> **Work required**: Everything from the line with "Es extraño lo" to the line with "2696 Meadowood Dr" in the listing below, both lines included, needs to be copied exactly, apart from the pictures.

=== Section Start ===

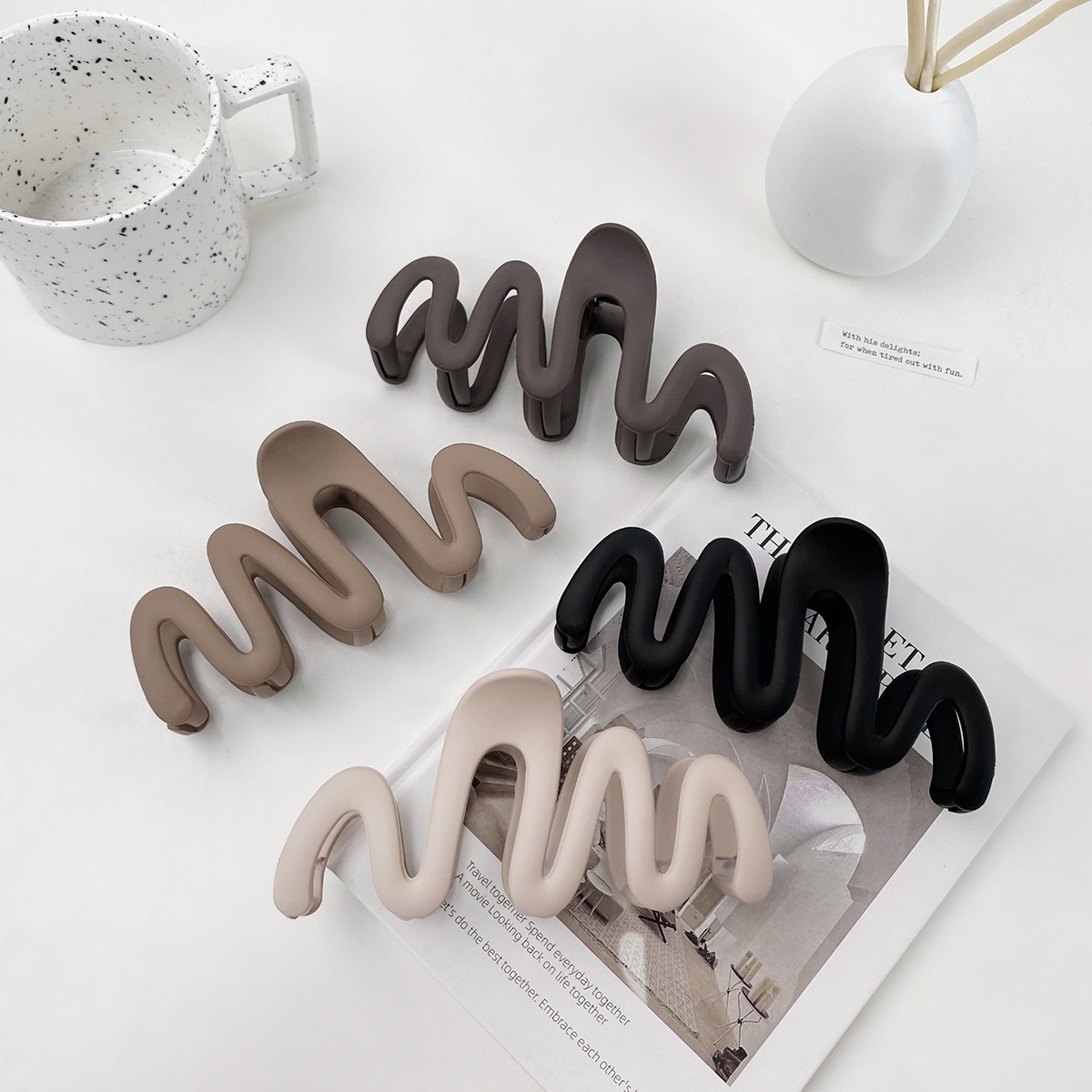 For autumn and winter, the Maillard extra-large shark clip is a fashionable wavy scratch-off clip for women with a lot of hair. It is also a hair accessory for the back of the head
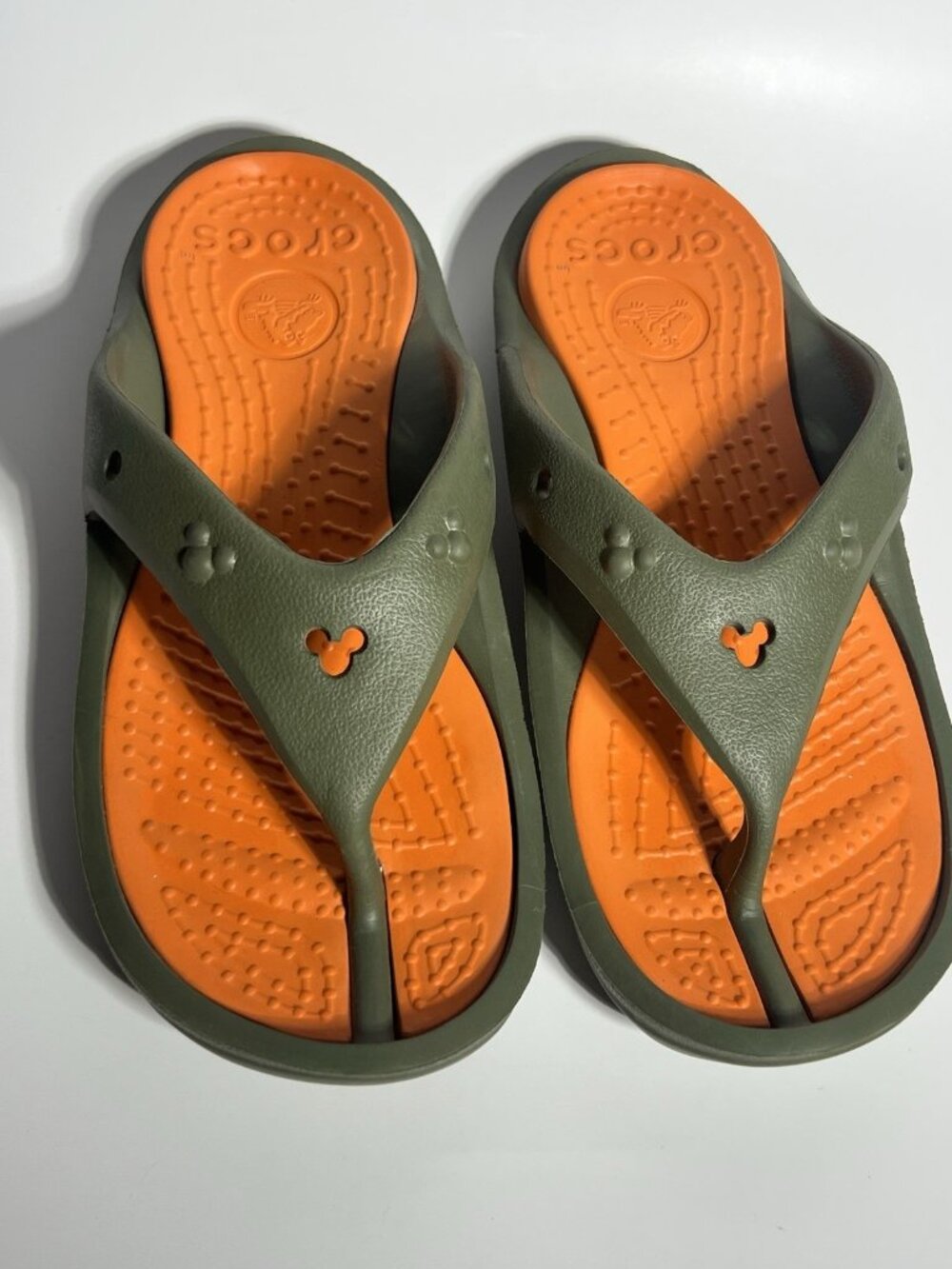 Crocs x Disney Mickey Athens Flip Flops Olive Orange W7 M5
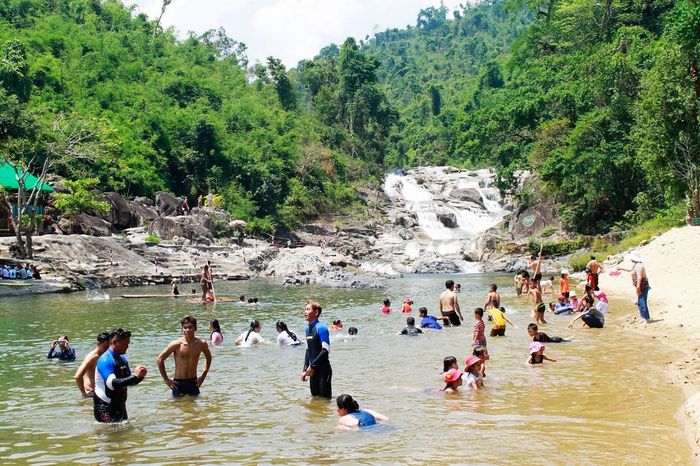 Thác Yang Bay Nha Trang - Con thác đầy e ấp dịu dàng giữa núi rừng nguyên sinh hoang sơ 12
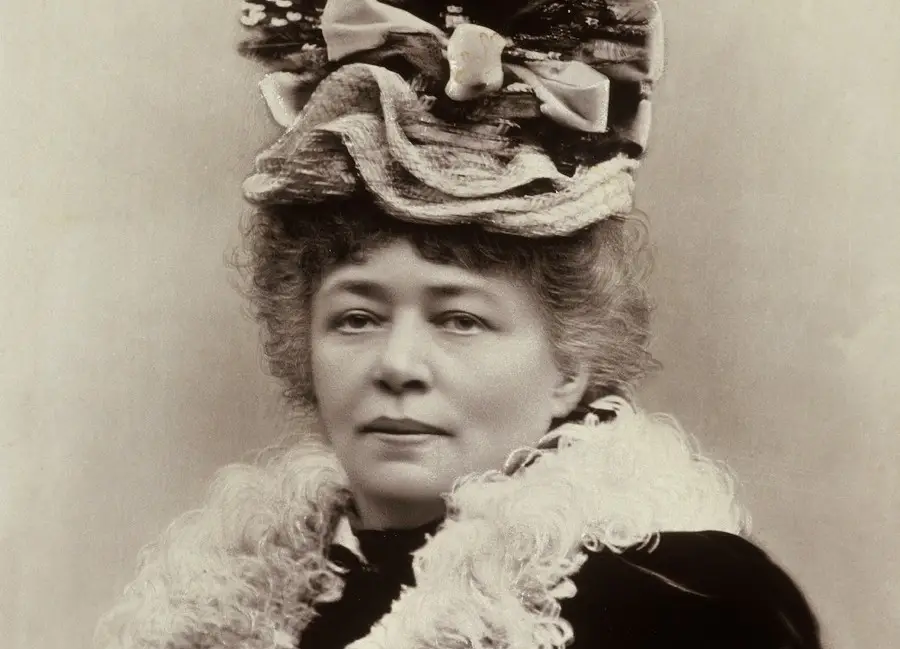 Es extraño lo ciega que está la gente. Se horrorizan ante las cámaras de tortura de la Edad Media, pero están orgullosos de tener sus arsenales llenos de armas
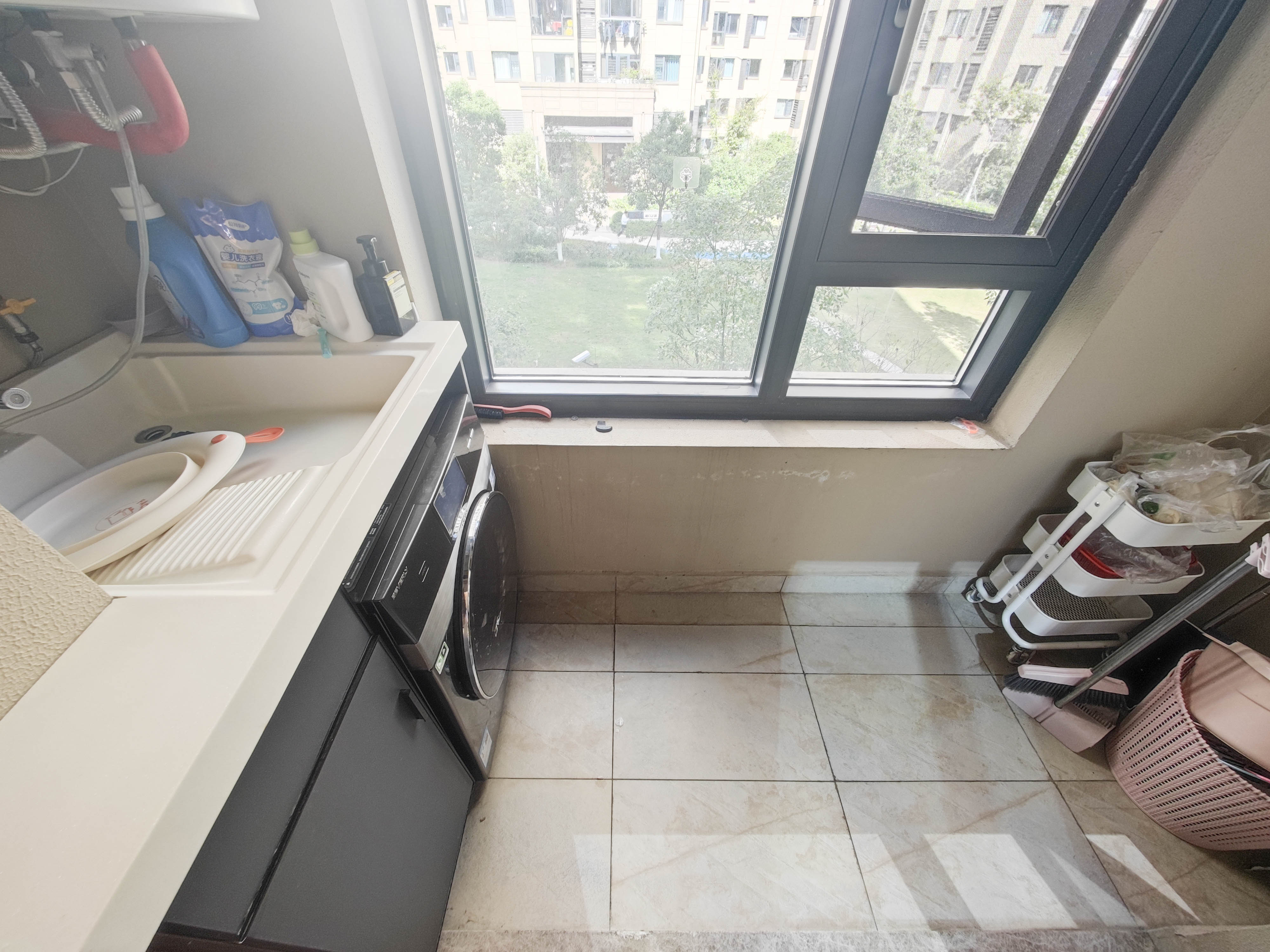 万科魅力之城天阔里  4室2厅2卫    198.0万 万科魅力之城天阔里  4室2厅2卫    198.0万阳台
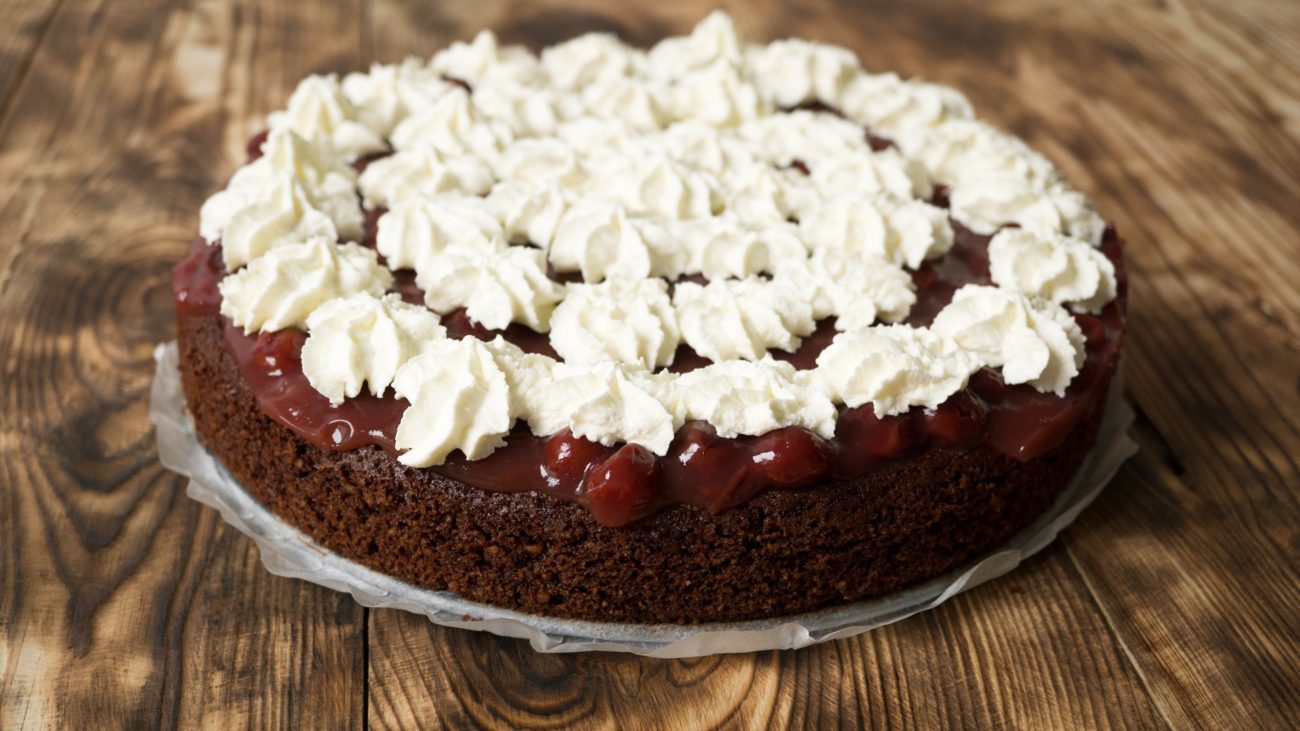 Sahne-Kirsch-Torte – Cream Cherry Pie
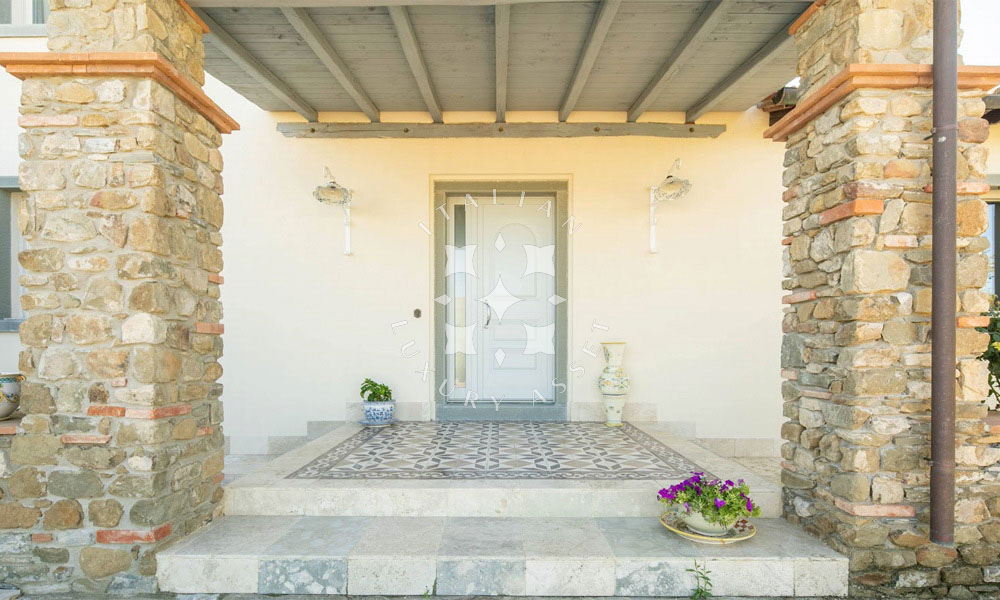 Modern Villa Cortona Arezzo Tuscany Italy Pool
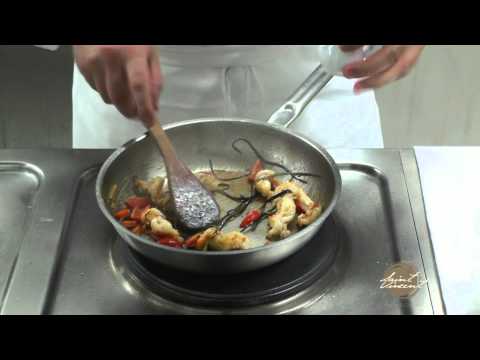 Tagliolini alla paprika con gamberi e salsa di melanzane - Ricetta del Master Chef Lattanzi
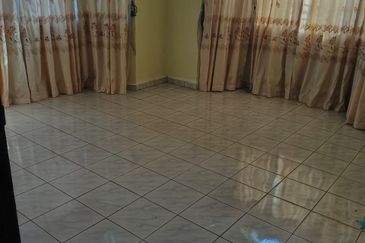 Banglo  Di pekan Pahang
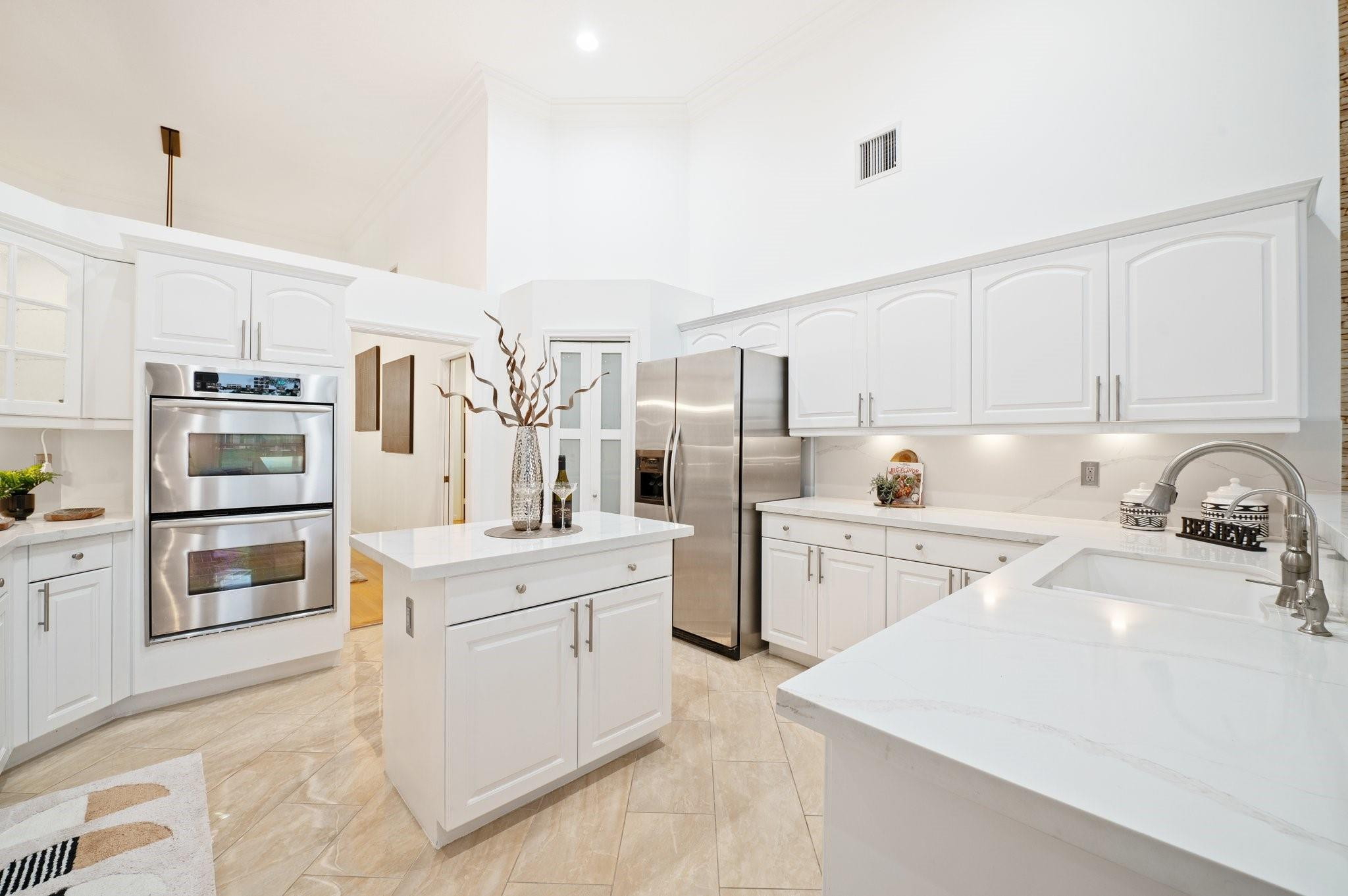 2696 Meadowood Dr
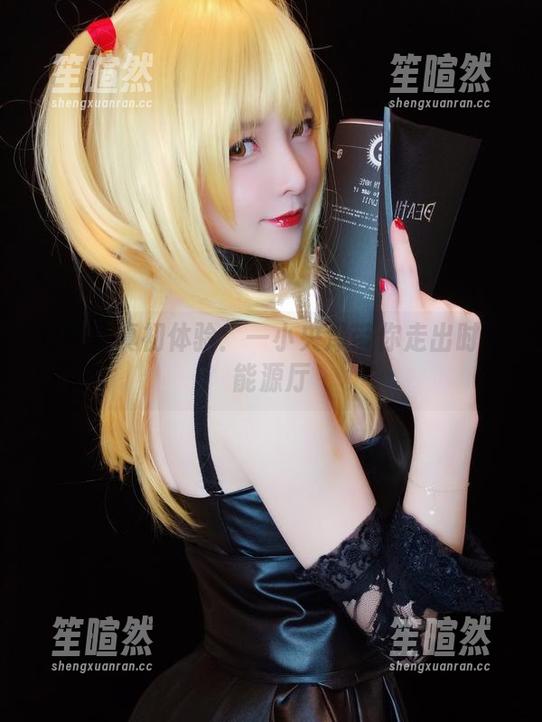 豹纹写真初体验：一小央泽带你走出时尚能源厅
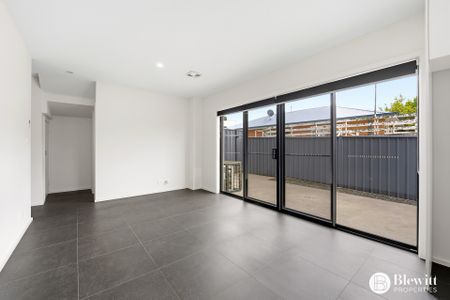1/4 Powell Street, Queanbeyan East NSW 2620 - Townhouse For Rent | Domain - Photo 2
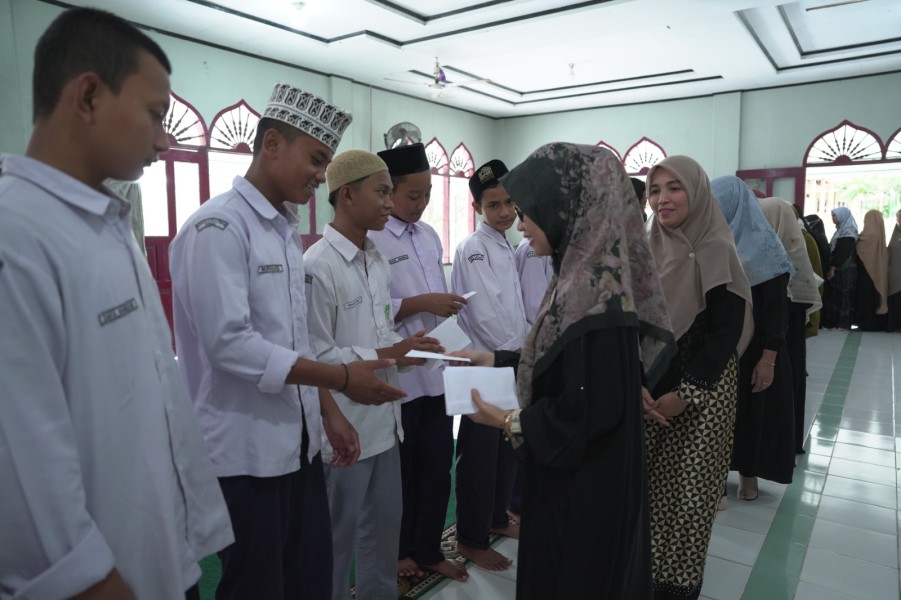 Tebar Energi Kebaikan di Awal Ramadan, Keluarga Pekerja Kilang Pertamina Dumai Salurkan Rp21 Juta untuk Santri dan Anak Yatim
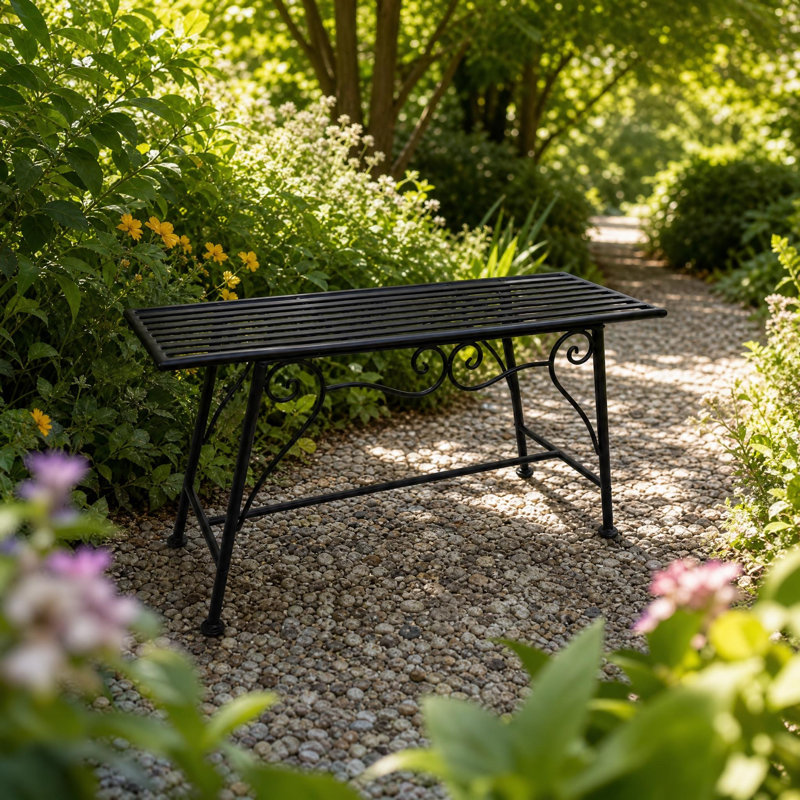 Banc en fer forgé avec assise à lattes et pieds sculptés, idéal pour véranda, terrasse, jardin, intérieur et extérieur.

=== Section End ===

> **Solution**:
 Es extraño lo ciega que está la gente. Se horrorizan ante las cámaras de tortura de la Edad Media, pero están orgullosos de tener sus arsenales llenos de armas
 万科魅力之城天阔里  4室2厅2卫    198.0万 万科魅力之城天阔里  4室2厅2卫    198.0万阳台
 Sahne-Kirsch-Torte – Cream Cherry Pie
 Modern Villa Cortona Arezzo Tuscany Italy Pool
 Tagliolini alla paprika con gamberi e salsa di melanzane - Ricetta del Master Chef Lattanzi
 Banglo  Di pekan Pahang
 2696 Meadowood Dr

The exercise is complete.